Leading the way in quantum sensing advancements, JILA, a renowned institute at the forefront of quantum sensing research, has once again proven its prowess. In a new *Physics Magazine* article, JILA graduate student Jarrod Reilly was highlighted in his work developing a groundbreaking approach that promises to redefine the capabilities of quantum sensors.

Quantum sensors, which employ phenomena like entangled states of light, have been instrumental in applications such as the LIGO gravitational wave detector. This detector harnesses these entangled states to detect minuscule distance changes in gravitational waves.

According to the *Physics Magazine* article:

“Typically, quantum sensors use systems prepared in special quantum states known as probe states. Finding the ideal probe state for a given measurement is a focus of many research endeavors. Now Jarrod Reilly of the University of Colorado Boulder and his colleagues have developed a new framework for optimizing this search.

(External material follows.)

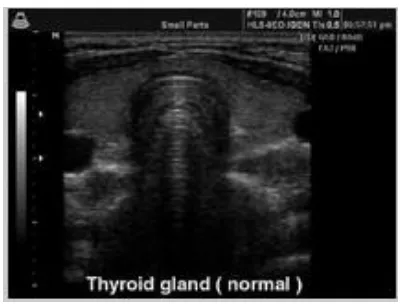 Fig I: Normal Thyroid US image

The approach could aid in developing quantum sensors that surpass the standard quantum limit—the minimum noise level of a device that can be obtained without special quantum-state preparation—and so could dramatically increase measurement sensitivity.”

Reilly, along with JILA graduate student John Wilson and JILA Fellow Murray Holland, who is also a CU Boulder physics professor, were inspired by classical physics to develop their new method. The team’s approach discerns various changes in a quantum system using a mathematical algorithm, thereby determining its sensitivity to specific parameters. Such advancements not only promise to refine existing quantum sensors but also hold the potential for quantum sensors to estimate multiple parameters simultaneously, a requirement in many imaging and metrology applications.

The article continues: “The method of Reilly and his colleagues flips that search protocol on its head.” The team published their results recently in *Physical Review Letters. *

Given the revolutionary perspective brought forward by the JILA team, emphasizing high-precision measurements, the quantum technology landscape seems poised for significant advancements and a deeper understanding of quantum mechanics in the coming years.